◆ Exercise inputs
-*-

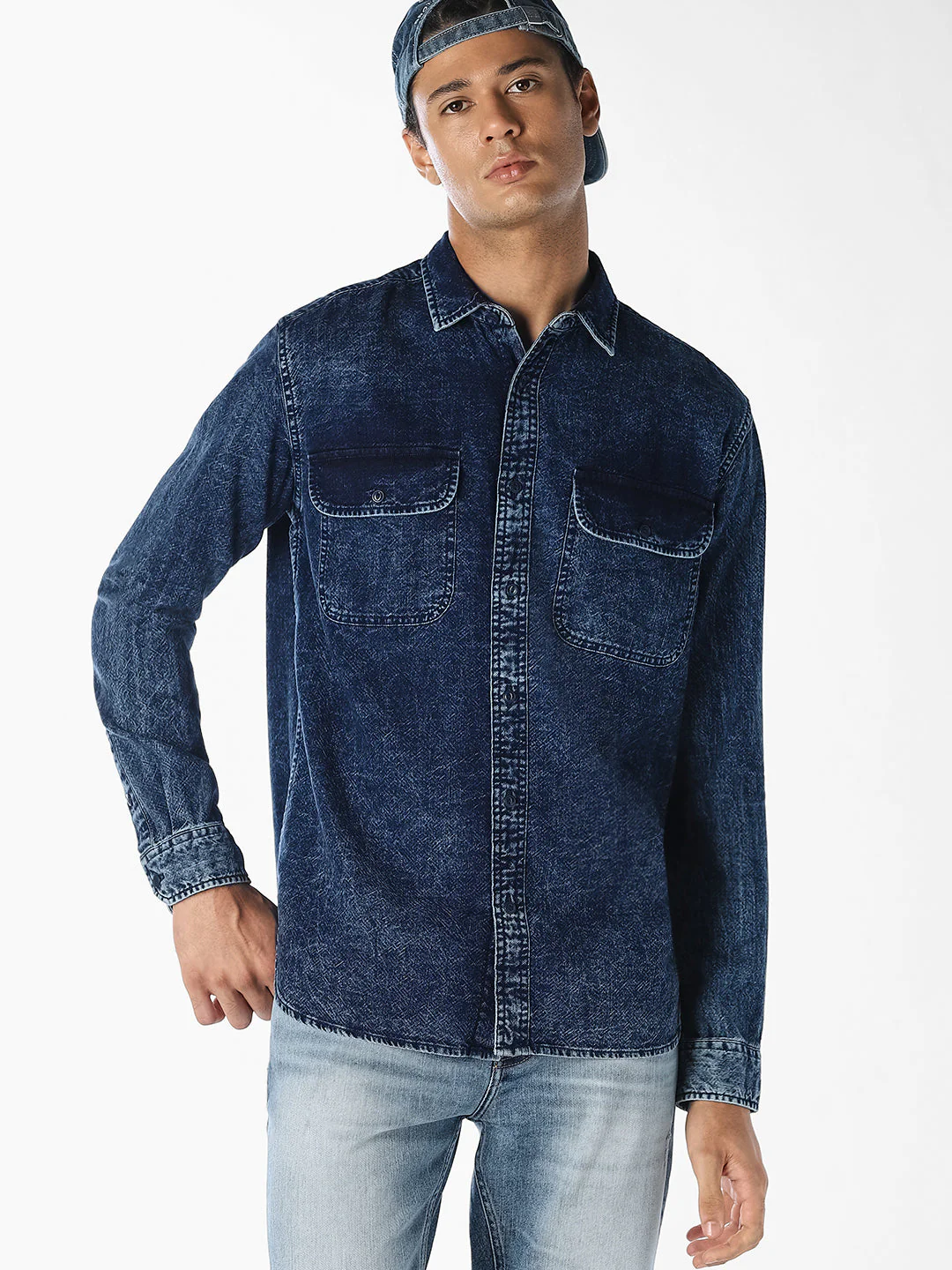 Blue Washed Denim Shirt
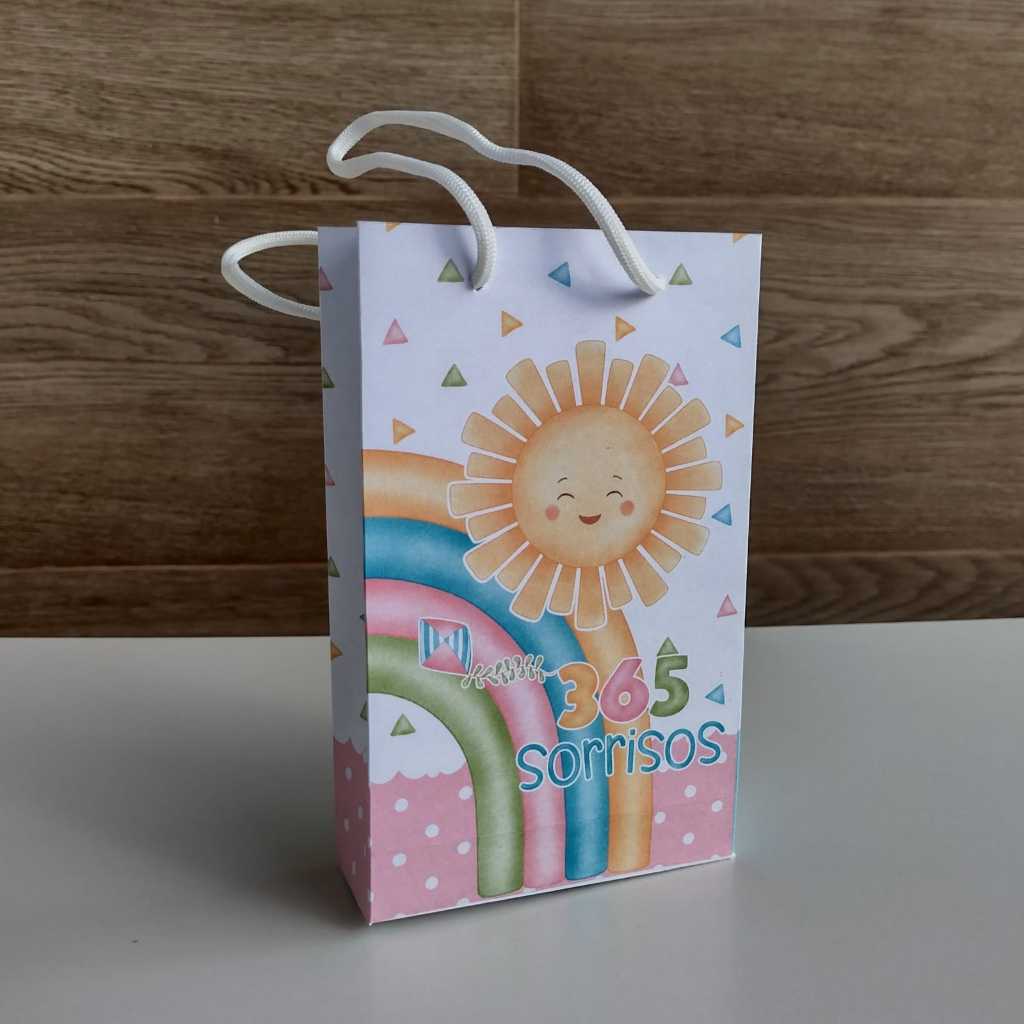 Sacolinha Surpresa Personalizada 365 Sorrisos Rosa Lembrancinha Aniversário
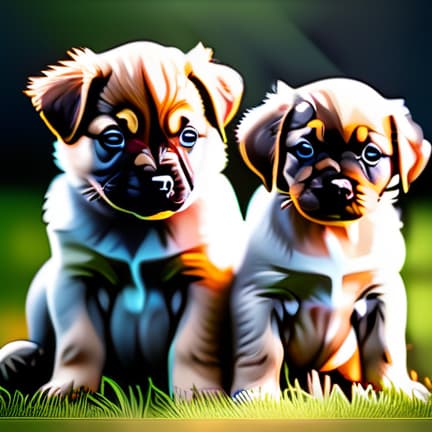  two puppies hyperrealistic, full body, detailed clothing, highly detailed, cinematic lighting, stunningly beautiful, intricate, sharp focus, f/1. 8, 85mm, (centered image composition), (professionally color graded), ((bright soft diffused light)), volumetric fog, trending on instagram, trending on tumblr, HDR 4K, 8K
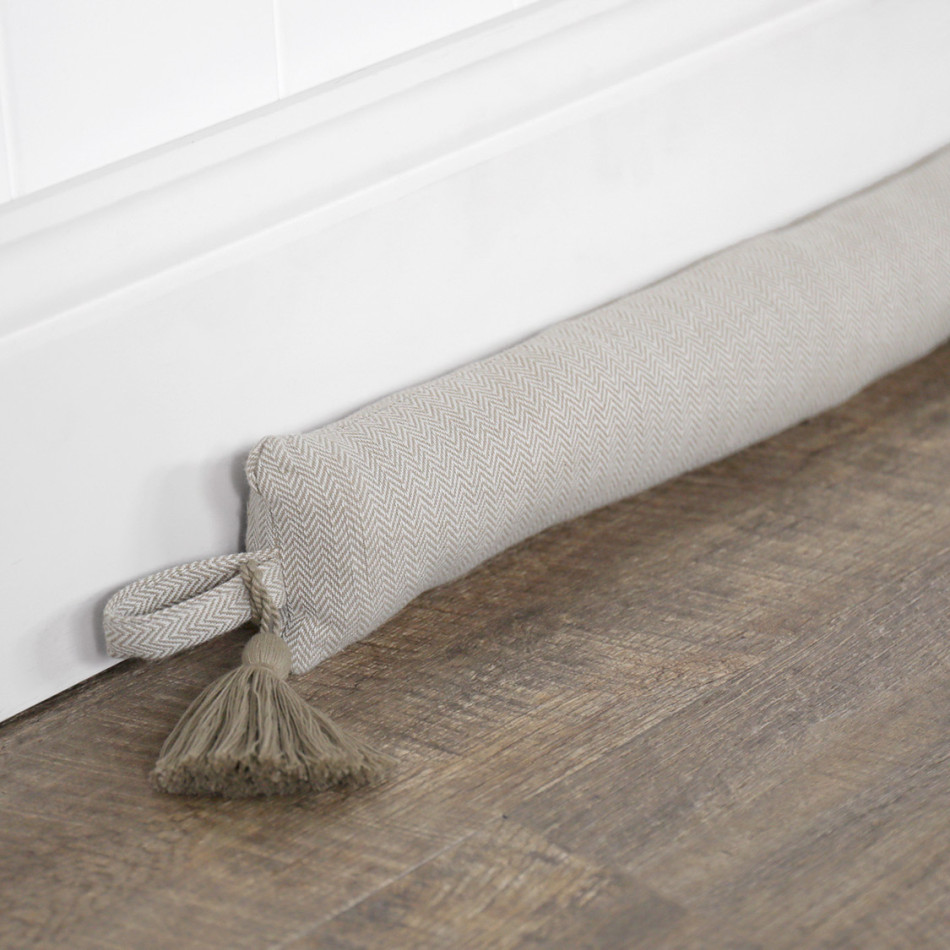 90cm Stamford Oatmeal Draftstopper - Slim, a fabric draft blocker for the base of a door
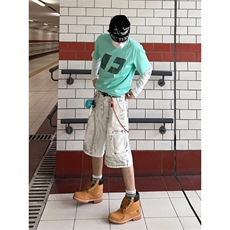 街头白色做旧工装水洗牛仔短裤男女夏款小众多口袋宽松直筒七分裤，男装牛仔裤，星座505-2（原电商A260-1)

-*-

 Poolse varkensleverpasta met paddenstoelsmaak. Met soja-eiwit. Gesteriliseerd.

-*-

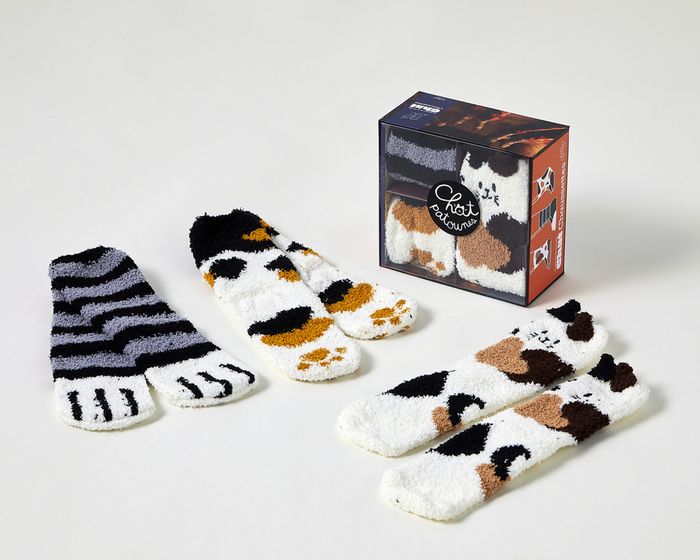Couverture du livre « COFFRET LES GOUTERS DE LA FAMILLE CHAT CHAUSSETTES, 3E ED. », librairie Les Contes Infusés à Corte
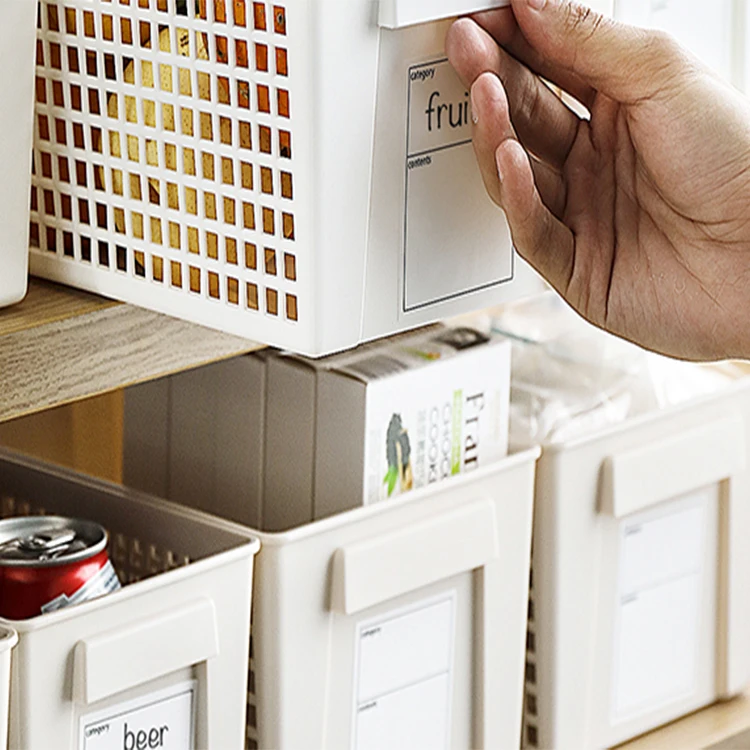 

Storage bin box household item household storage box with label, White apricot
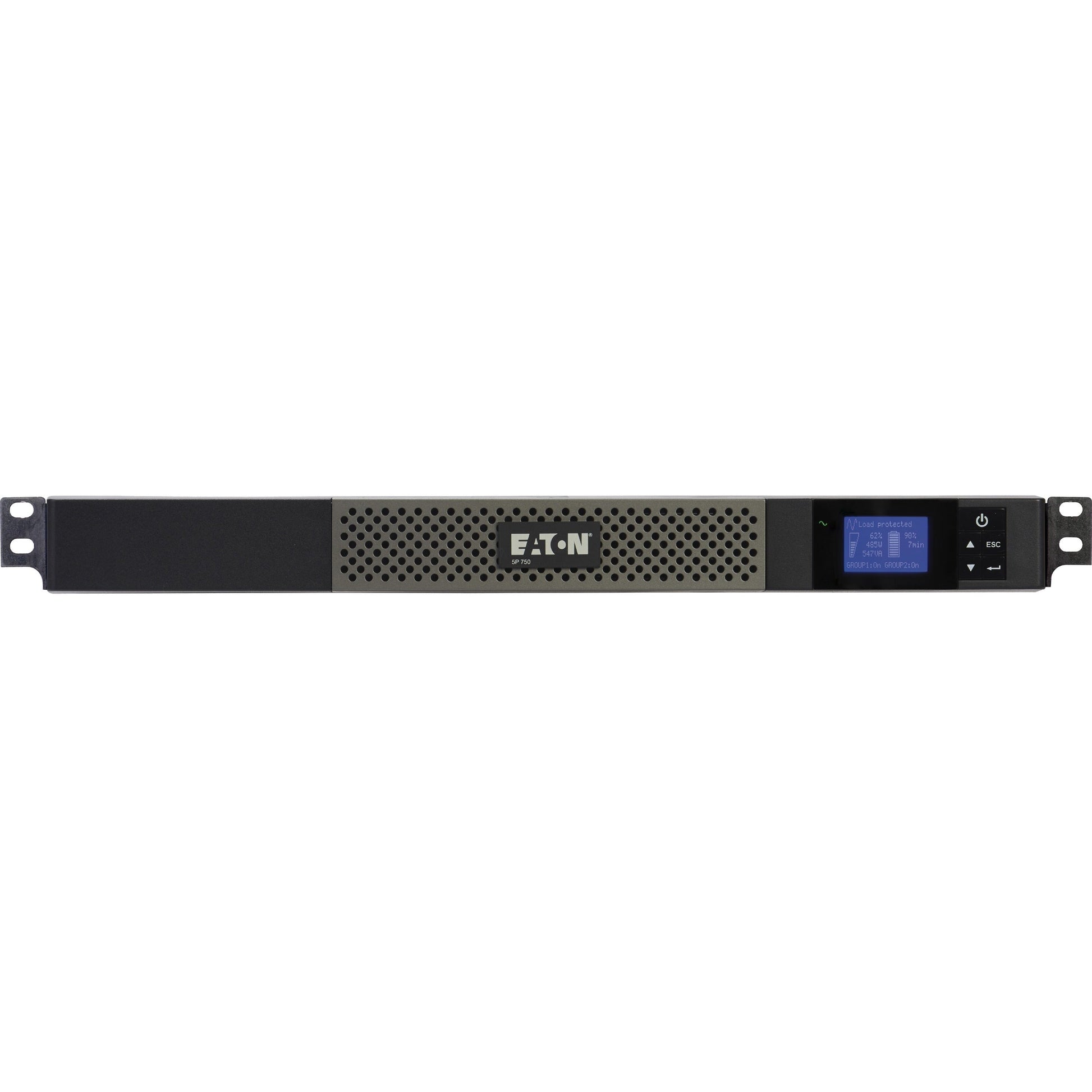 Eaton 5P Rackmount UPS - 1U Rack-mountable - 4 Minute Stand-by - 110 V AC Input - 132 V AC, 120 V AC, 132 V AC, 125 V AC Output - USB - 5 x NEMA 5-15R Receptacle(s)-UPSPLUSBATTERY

-*-

◆ Task goal
Range to print from the listing above: from the line with "90cm Stamford Oatmeal" up to and including the line with "街头白色做旧工装水洗牛仔短裤". Please print those lines exactly, with no pictures and nothing more.

◆ Response below
 90cm Stamford Oatmeal Draftstopper - Slim, a fabric draft blocker for the base of a door
 街头白色做旧工装水洗牛仔短裤男女夏款小众多口袋宽松直筒七分裤，男装牛仔裤，星座505-2（原电商A260-1)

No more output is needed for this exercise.